Note: Add the new text to the end of the file.

Test the new genome

Testing is absolutely critical as it is easy to make an error along with way. Plan to spend at least as much time testing as you spent on building the site!

Test under the released version of IGB

Download the latest release of IGB from http://www.bioviz.org.

Configure data sources under Data Sources tab

Click the configure link.

  • Add your local copy of the IGB QuickLoad site to your list of data sources
  • Remove all data sources EXCEPT the UCSC DAS1 server and your local QL directory

Check that the new genome version appears

In the species menu, you should see the organism's genus, species, and strain listed. When you hover the mouse over the its menu item, you should also see a tooltip reporting the species' colloquial name (in English).

In the genome version menu, you should see the genome version name listed.

If not, edit species.txt

If you don't, this only means that IGB doesn't recognize it. To ensure IGB recognizes the genome, add it to the file species.txt that resides at the top level of the IGBQuickLoad directory, the same level as contents.txt.

species.txt is a tab-separated file in which each line represents synonyms for a genome. The first column should list the full Linnean name for the species; this is what will appear in the species menu. It can include spaces. The second column should list the common (colloquial) name for the species, in English. The next column should contain the IGB geome version minus the data and also minus any numbers at the end of the name. The next column should contain the UCSC genome version, minus the number. The final column should contain the genus and species name joined by an underscore.

For example:

Code Block
Pan troglodytes	Chimp	P_troglodytes	panTro	Pan_troglodytes

Restart IGB and re-test

When you're done, restart IGB and check that the species and version are displayed correctly.

Use the Species and Genome menus (under Current Sequence tab) to select your new genome

Choose your genome version. The chromosomes from your genome.txt file should then appear in the Current Sequence tab. You should also see the corresponding UCSC DAS1 data source appear in the Data Sets/Data Sources tree on the left. If this step fails, it may be there is a problem with your genome.txt file.

Test that you can load sequence data.

Check that IGB can load sequence data from your local 2bit file.

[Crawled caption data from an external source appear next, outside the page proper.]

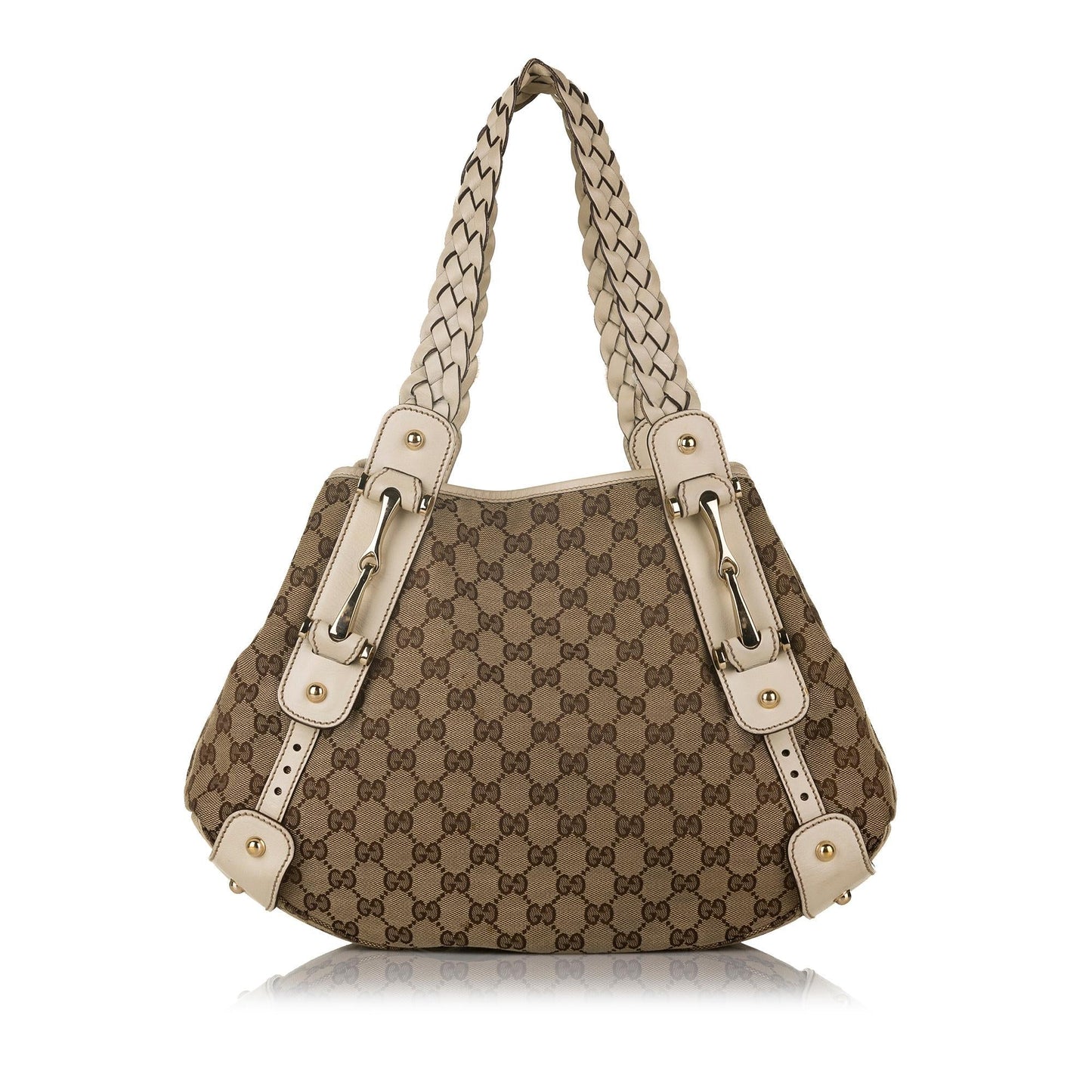 Gucci GG Pelham Horsebit SHG Canvas Calf White Brown Tote Bag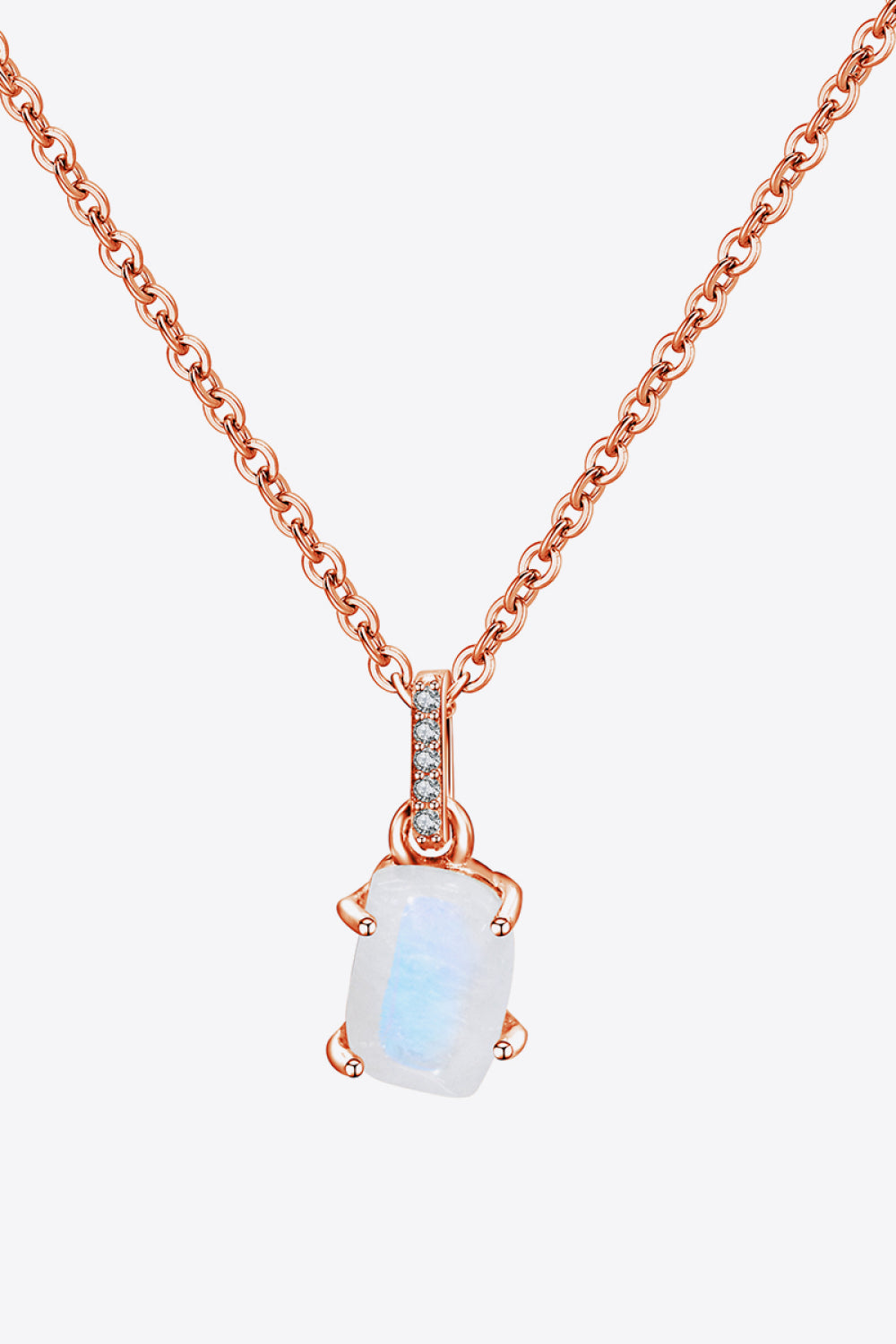 Natural Moonstone 4-Prong Pendant Necklace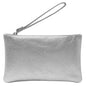 Pochette Donna a Mano, In Vera Pelle Laminata, Made in Italy, Modello Aura Parubi Argento - foto prodotto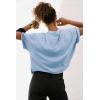 imageATHMILE Womens Oversized TShirts Short Sleeve Workout Crop Tops Casual Drop Shoulder Boxy Roll Hem Basic Loose TeesSkyblue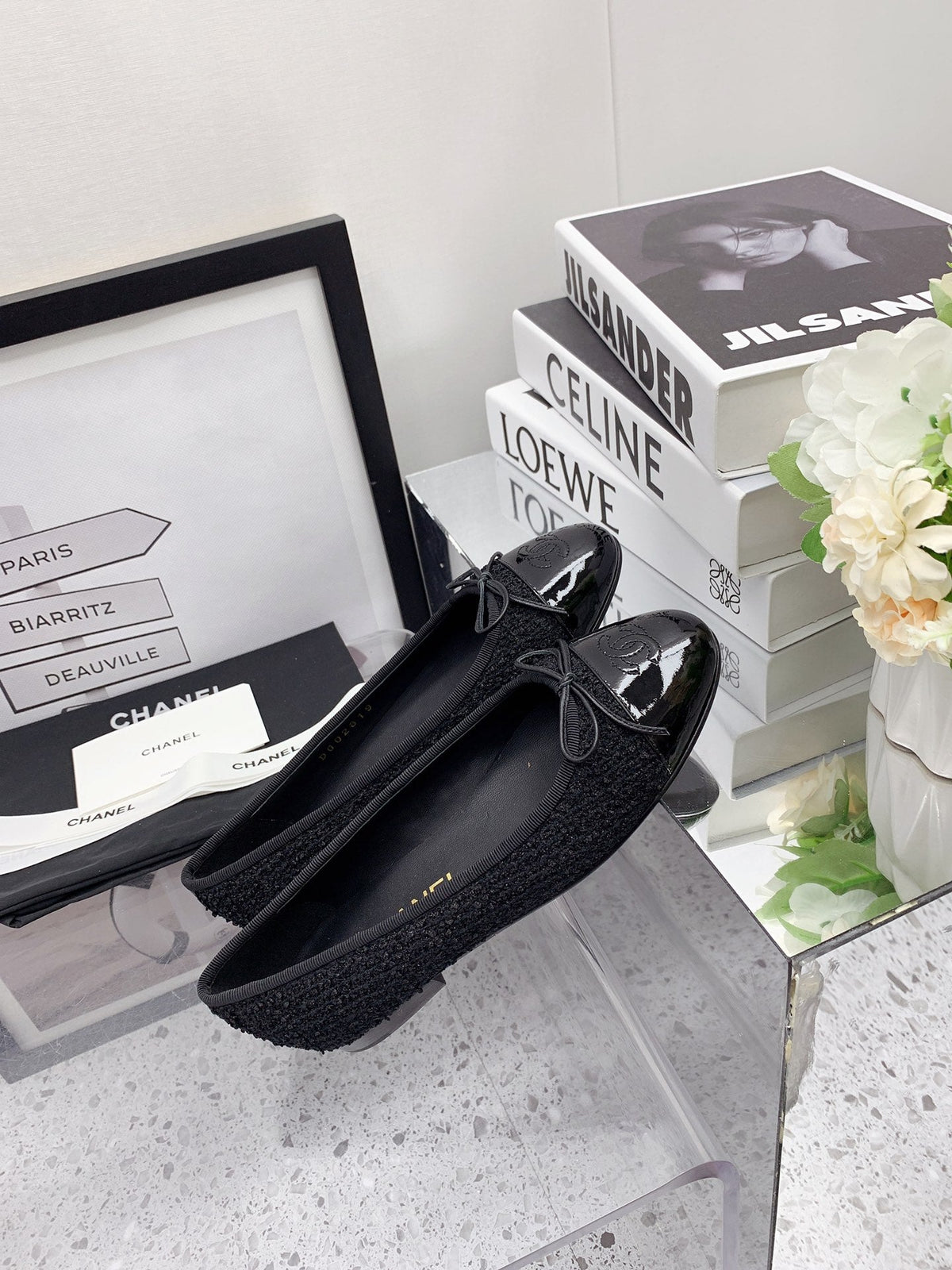 CC 2026 Logo Ballet Flats Black Tweed Patent Leather 161604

Visit a chromosome, zoom in, and click Load Sequence. Zoom in to check that the sequence is visible. Note that depending on which sequence file you used, some letters will be lower-case. This is how UCSC masks repetitive or low-complexity sequence.

Repeat the above tests using the latest (trunk) version of IGB

To get a copy of the trunk, check it using svn from sourceforge OR download it from <a href="http://test.bioviz.org/igb/">the test deployment site for IGB</a>. To get the trunk, follow the Download links.

Check the new site looks OK in a Web browser

Open the site (http://localhost if it's on your local computer) in a Web browser and check that

  • there are no typos or errors in the descriptive text next to the new genome directory
  • the genome directory has a header and all the files are listed
  • each file has a description
  • all the links in the HEADER file still work (report any broken links as a Jira issue and notify Ann)

If all tests pass on both versions, use svn to check in your changes.

These include:

  • edits to contents.txt
  • addition of the new genome directory
  • addition of the genome.txt file for the genome
  • edits to species.txt (possibly)

When you're finished, submit a ticket to IGB Jira to request testing of the newly added genome on a test site.

If you downloaded the 2bit file from UCSC, include a link to the file. If you created it from a fasta file, include a link to the fasta file instead.